Form 8-K

 

 

UNITED STATES

SECURITIES AND EXCHANGE COMMISSION

Washington, D.C. 20549

 

 

FORM 8-K

 

 

CURRENT REPORT

Pursuant to Section 13 or 15(d) of the

Securities Exchange Act of 1934

Date of Report (Date of earliest event reported):

July 28, 2011

 

 

MF Global Holdings Ltd.

(Exact name of registrant as specified in its charter)

 

 

Delaware

(State or other jurisdiction of incorporation)

 

001-33590   98-0551260
(Commission File Number)   (IRS Employer Identification No.)

717 Fifth Avenue

New York, New York

  10022
(Address of principal executive offices)   (Zip Code)

(212) 589-6200

(Registrant’s telephone number, including area code)

Not applicable

(Former name or formed address, if changed since last report)

 

 

Check the appropriate box below if the Form 8-K filing is intended to simultaneously satisfy the filing obligation of the registrant under any of the following provisions (see General Instruction A.2. below):

 

¨ Written communications pursuant to Rule 425 under the Securities Act (17 CFR 230.425)

 

¨ Soliciting material pursuant to Rule 14a-12 under the Exchange Act (17 CFR 240.14a-12)

 

¨ Pre-commencement communications pursuant to Rule 14d-2(b) under the Exchange Act (17 CFR 240.14d-2(b))

 

¨ Pre-commencement communications pursuant to Rule 13e-4(c) under the Exchange Act (17 CFR 240.13e-4(c))

 

 

 


Item 1.01 Entry into a Material Definitive Agreement

The Offering of Notes

On August 2, 2011, MF Global Holdings Ltd. (the “Company”) completed an offering of $325 million principal amount of its 3.375% Convertible Senior Notes due 2018 (the “Notes”). The Notes were sold pursuant to the Company’s shelf registration statement on Form S-3ASR (Registration No. 333-162119), as supplemented by the final prospectus supplement filed with the SEC on August 1, 2011 (the “final prospectus supplement”). The closing of the offering of the Notes occurred on August 2, 2011. The Company also granted the underwriters a 30-day option to purchase up to an additional $45 million aggregate principal amount of the Notes.

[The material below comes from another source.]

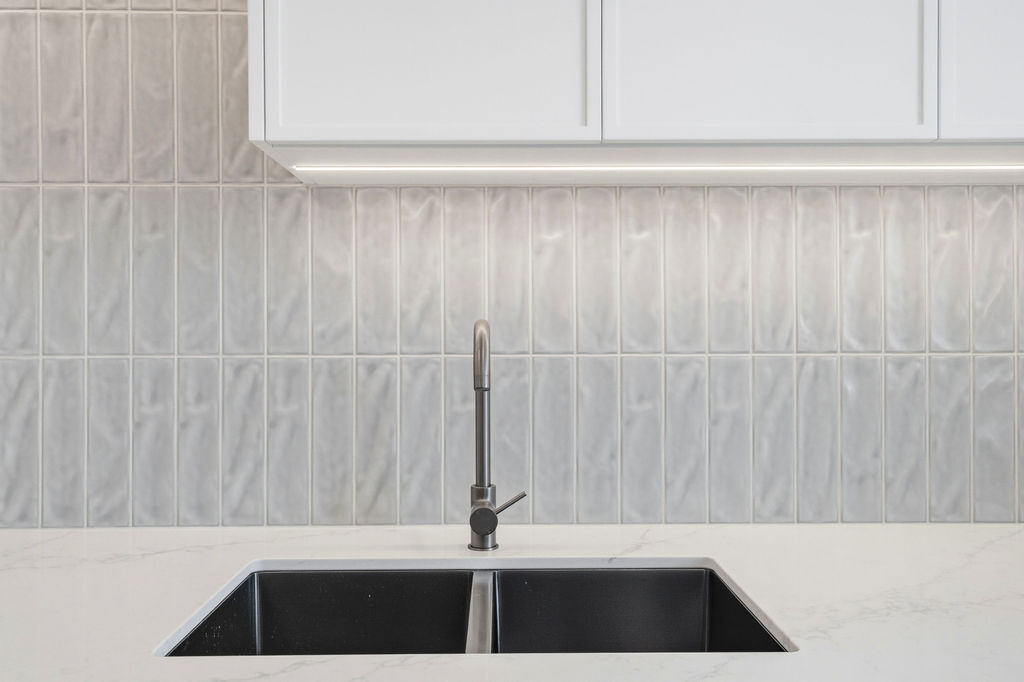 Laundry benchtop and storage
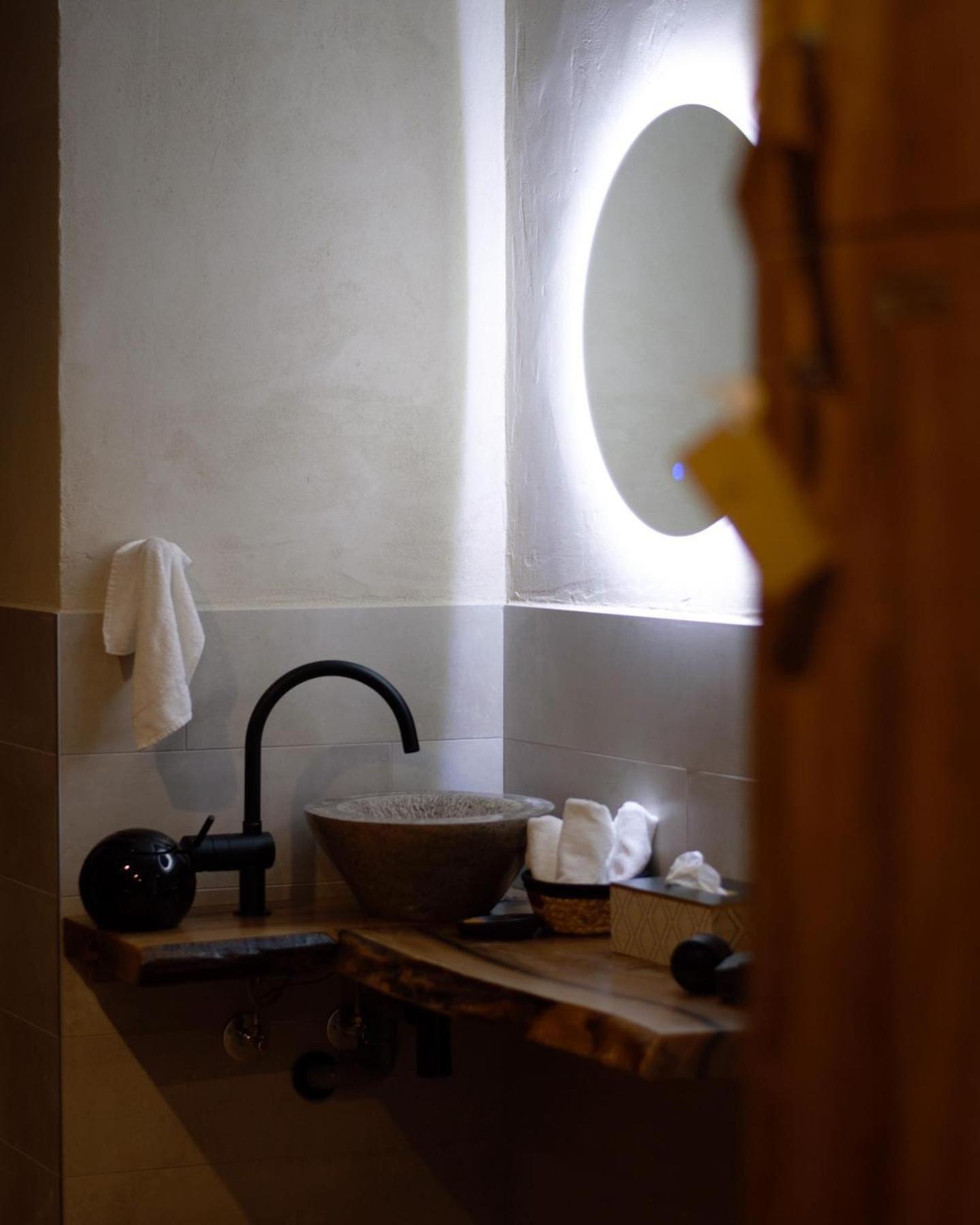 H85 Hotel Chatte Екстериор снимка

The Notes were issued pursuant to an Indenture (the “Base Indenture”), dated as of February 11, 2011, as supplemented by the Third Supplemental Indenture (the “Supplemental Indenture” and together, the “Indenture”), dated as of August 2, 2011, between the Company and Deutsche Bank Trust Company Americas, as trustee. The Notes are initially convertible into approximately 32,835,758 shares of the Company’s common stock, par value $1.00 per share (the “Common Stock”), subject to anti-dilution adjustments and certain make-whole adjustments upon specified corporate events.

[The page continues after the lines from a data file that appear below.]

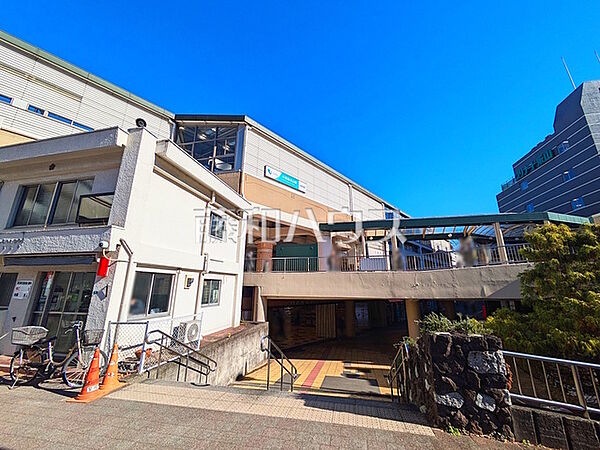 小田急永山駅 (1760m)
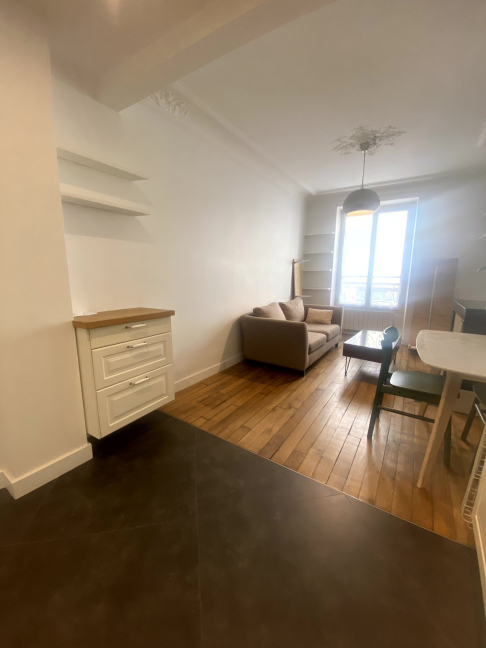 Location Appartement meublé 3 pièces - 47m² 75009 Paris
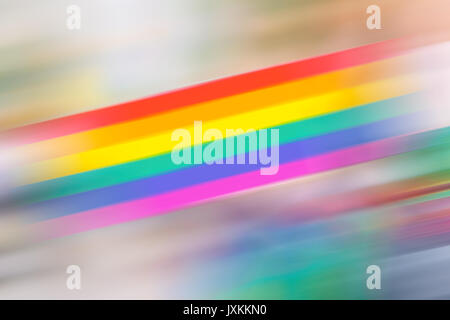 Motion unscharfes Bild eines schwulen Regenbogen Flagge während der CSD-Parade. Konzept der LGBT-Rechte. Stockfoto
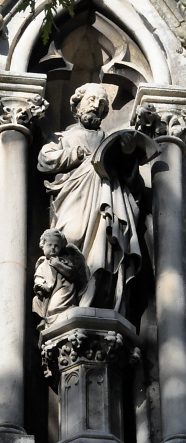 Statue de saint Matthieu sur la façade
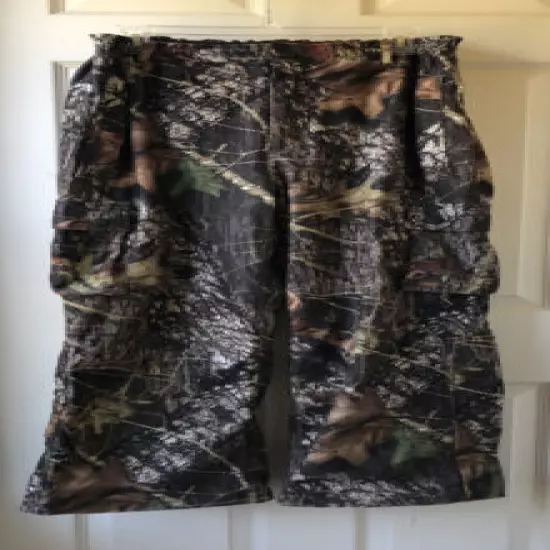 Sportsman’s Warehouse Camouflage Men’s Large Cargo Pants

The Indenture, the Notes and the offering are described in the final prospectus supplement. Copies of the Base Indenture, the Supplemental Indenture (including the Form of Note included therein) and the underwriting agreement relating to the Notes are filed as exhibits to this Current Report.

Convertible Bond Hedge Transactions and Warrant Transactions

On July 28, 2011, the Company entered into privately negotiated convertible bond hedge transactions (together, the “Convertible Bond Hedge Transactions”) with each of The Royal Bank of Scotland, plc, JPMorgan Chase Bank, National Association, Bank of America, N.A. and Deutsche Bank AG, London Branch (the “Counterparties”), respectively. The Convertible Bond Hedge Transactions cover, subject to anti-dilution adjustments, approximately 32,835,758 shares of the Company’s common stock (the “Common Stock”), which is the same number of shares initially issuable upon conversion of the Notes, and the Convertible Bond Hedge Transactions are expected to reduce the potential dilution with respect to the Common Stock and/or reduce the Company’s exposure to potential cash payments that may be required to be made by the Company upon conversion of the Notes.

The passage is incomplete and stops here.